Concernant cette dernière, nous pouvons déjà mesurer ses effets sur les profits des entreprises américaines au deuxième trimestre. Nous avons subi pas moins de trois profit warnings rien que pour ce mercredi : Procter & Gamble (-3% en clôture), Bed Bath & Beyond (-11% en after hour) et Red Hat (-9% juste après la clôture).
Sans oublier Danone mardi et Carrefour lundi matin : cela en fait cinq pour des valeurs multinationales qui ont un champ d’action complètement planétaire.
Mais le mouvement de cours le plus significatif — et à notre avis le plus cohérent eu égard à la conjoncture — concerne le pétrole. Il a dévissé de 3,5% mercredi soir, à contre-courant des indices américains, pour clôturer au plus bas (à 81 $), au contact de ses planchers annuels.

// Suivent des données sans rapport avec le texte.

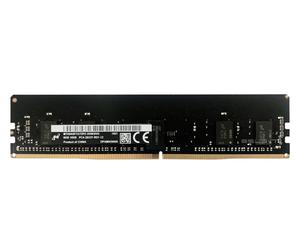 Kit di memorie RAM 8 GB composto da 1x 8GB 1Rx8 PC4-23400 DDR4 2933MHz 1.2 ECC REGISTERED | MTA9ASF1G72PZ-2G9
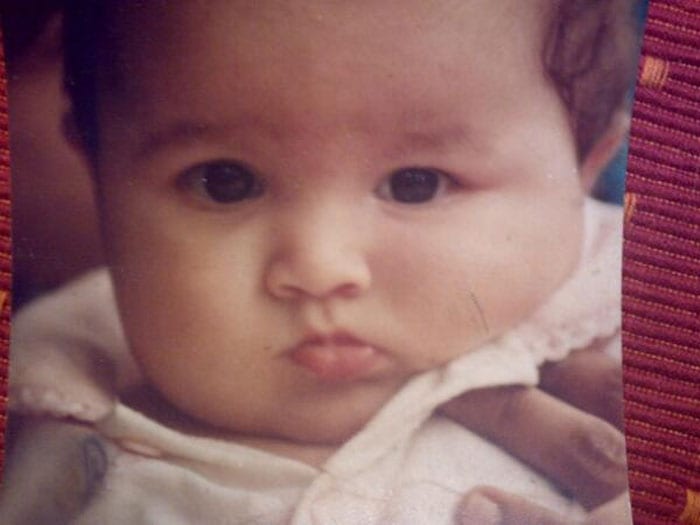 Alia Bhatt, Alia Bhatt childhood photos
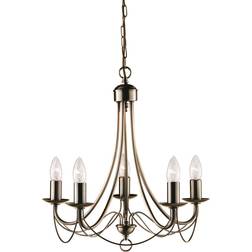 Searchlight Electric Maypole Pendant Lamp 46cm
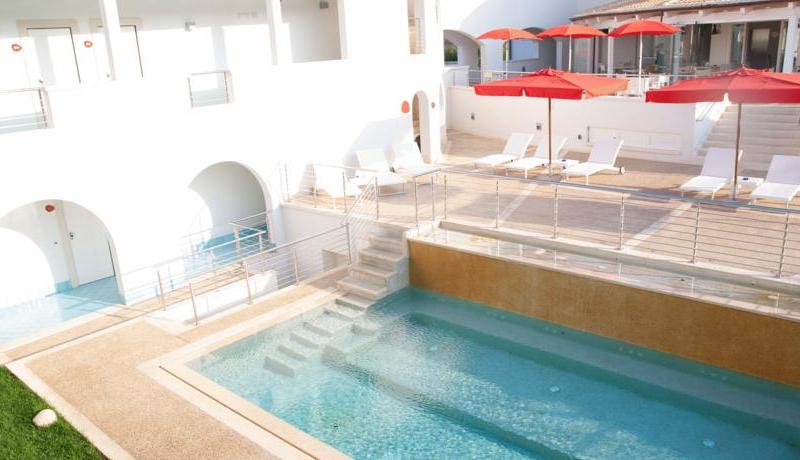 Hotel Ganimede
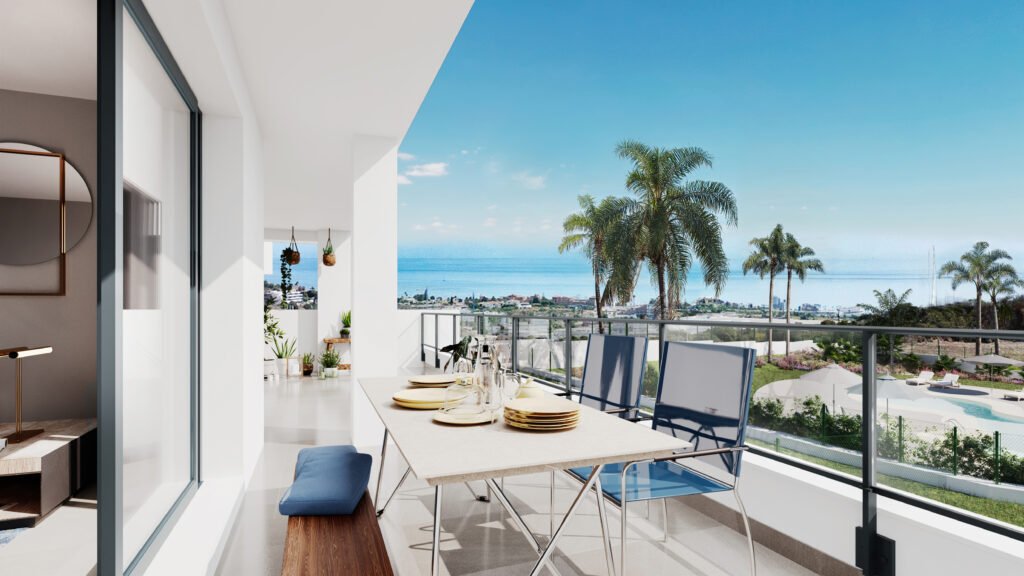 Apartment in Estepona, Andalusia, Spain 1 - 18511111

Difficile de justifier la bonne tenue de Wall Street depuis mercredi dernier quand les spécialistes des matières premières anticipent aussi clairement un ralentissement économique mondial.
▪ La bombe à retardement continue de tictaquer
Wall Street semble aussi oublier que les allègements de taxes et d’impôts décrétés successivement en 2008 et 2009 ne sont que temporaires. Ils vont s’achever de façon simultanée en janvier 2013, avec l’investiture du prochain président — qui sera peut-être Barack Obama, si l’on en croit les derniers sondages.
Quelle que soit la couleur de la prochaine administration, cela ne change rien au tic-tac de cette bombe à retardement que la presse économique américaine qualifie de fiscal cliff — c’est-à-dire « falaise fiscale »… Une falaise qui se dresse comme un mur sur le chemin de la croissance américaine.
La seule certitude, c’est que si les républicains l’emportent, ils maintiendront les avantages consentis aux riches et aux super-riches… Et si la croissance stagne autour de 1,5% à 1,8% comme la Fed le prévoit, les déficits vont exploser en 2013.